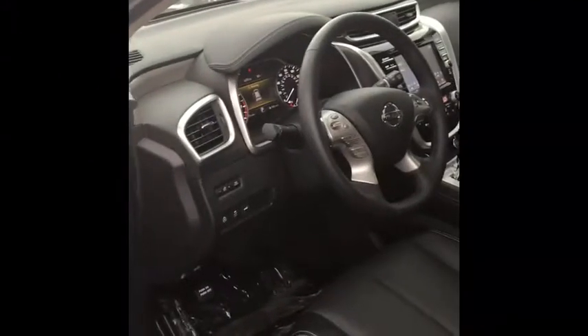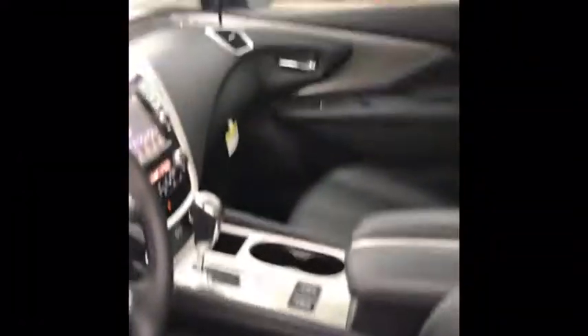Keyless entry on the side — push that button one time, it unlocks this door; push it two times and it's going to unlock every door. You're going to have a really nice leather interior in here, Bluetooth, backup camera, blind spot detection, intelligent lane intervention, and cruise control. Memory seats, heated mirrors, steering wheel, seats — the whole nine.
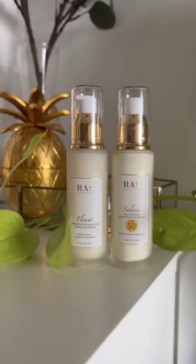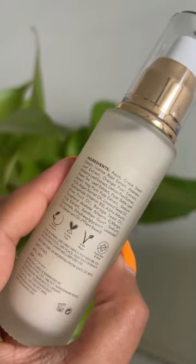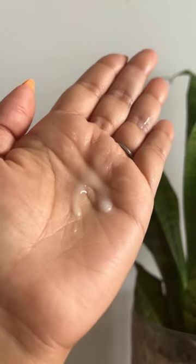Indian skin is prone to pigmentation. You need two products that will address pigmentation. The first one should be an effective serum, and the second one a sunscreen that protects your skin.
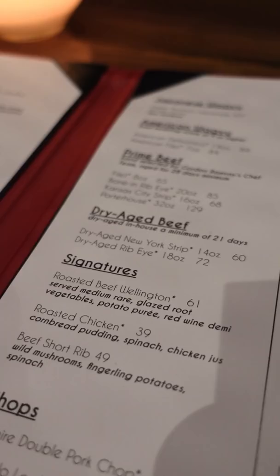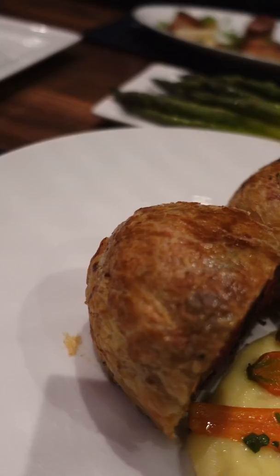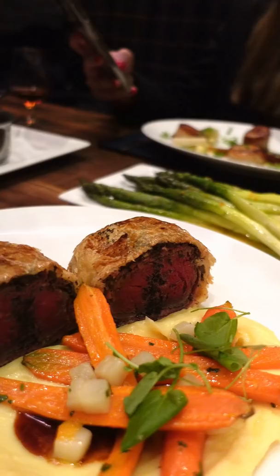Here it is, Chef Gordon Ramsay's famous beef wellington. This is probably my favorite dish for sure, and if given one choice, you should definitely get this over any steak. It's perfectly seasoned, and I love the mash and the carrots alongside it.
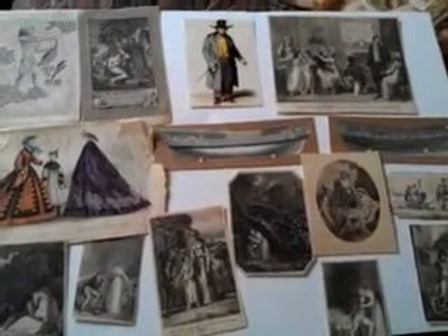Snapshot — scrapbook snaps from the Georgian and early Victorian period, a group of 15. Thank you.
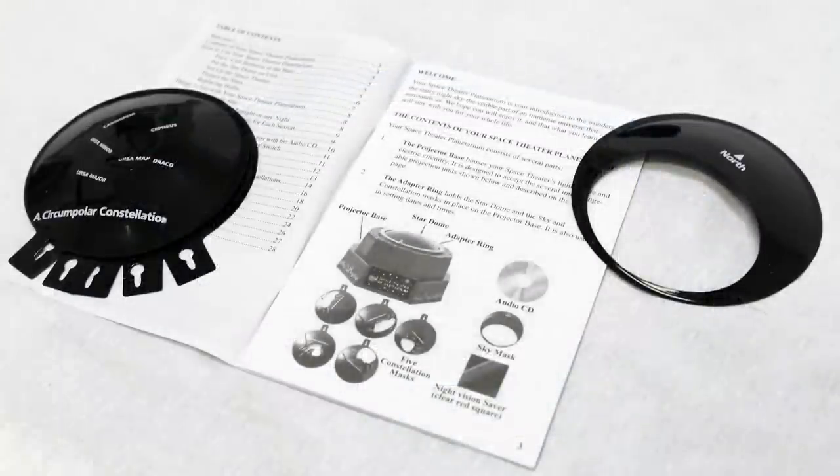There's a constellation mask for each season plus one for the stars of the northern sky that never set. All constellation masks can be adjusted to the different location of stars at different dates and times.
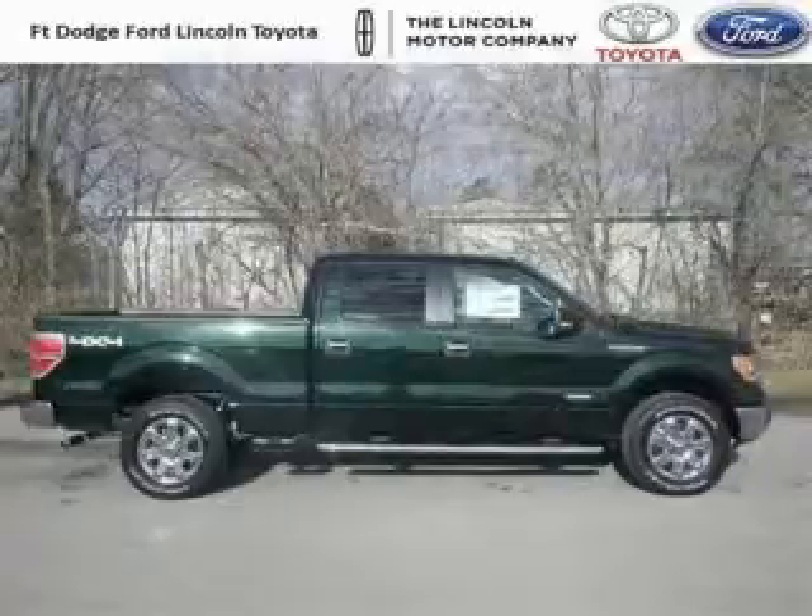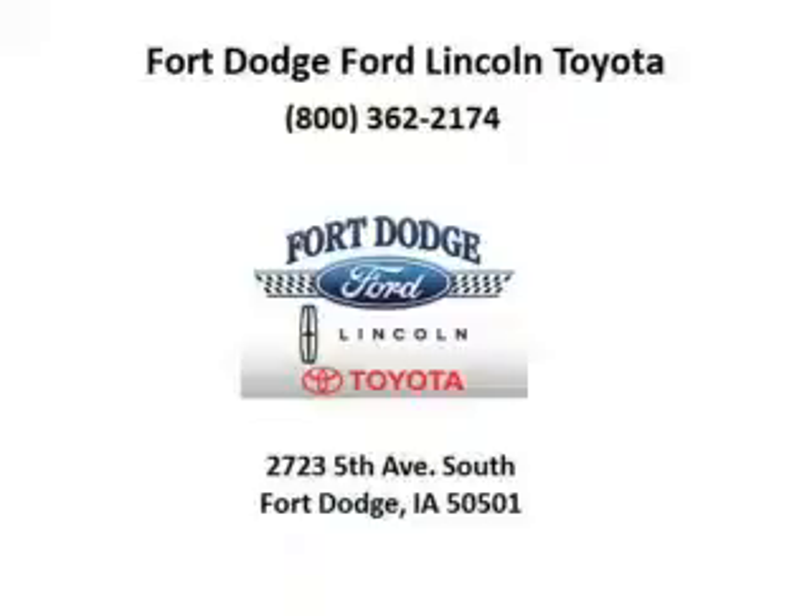Come in today and take a look for yourself. Fort Dodge Ford Lincoln Toyota is the dealership for you, conveniently located in Fort Dodge, Iowa off of Fifth Avenue South.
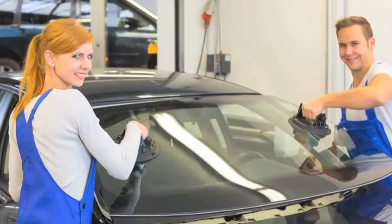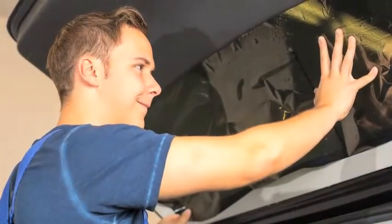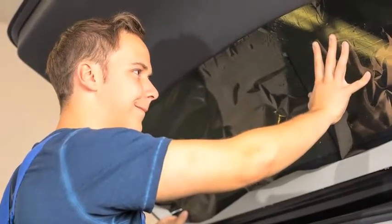If it can be tinted, we'll tint it. See Total Vehicle Protection. Whether it's windows of your car, caravan, boat, windows at home or even plant equipment, we can tint it.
————
- [Task to carry out]:
Give back exactly the lines of the listing above from the one that contains "Here it is, Chef" up to and including the one that contains "Come in today", but not the pictures, and no other lines.

- [Final answer]:
Here it is, Chef Gordon Ramsay's famous beef wellington. This is probably my favorite dish for sure, and if given one choice, you should definitely get this over any steak. It's perfectly seasoned, and I love the mash and the carrots alongside it.
Snapshot — scrapbook snaps from the Georgian and early Victorian period, a group of 15. Thank you.
There's a constellation mask for each season plus one for the stars of the northern sky that never set. All constellation masks can be adjusted to the different location of stars at different dates and times.
Come in today and take a look for yourself. Fort Dodge Ford Lincoln Toyota is the dealership for you, conveniently located in Fort Dodge, Iowa off of Fifth Avenue South.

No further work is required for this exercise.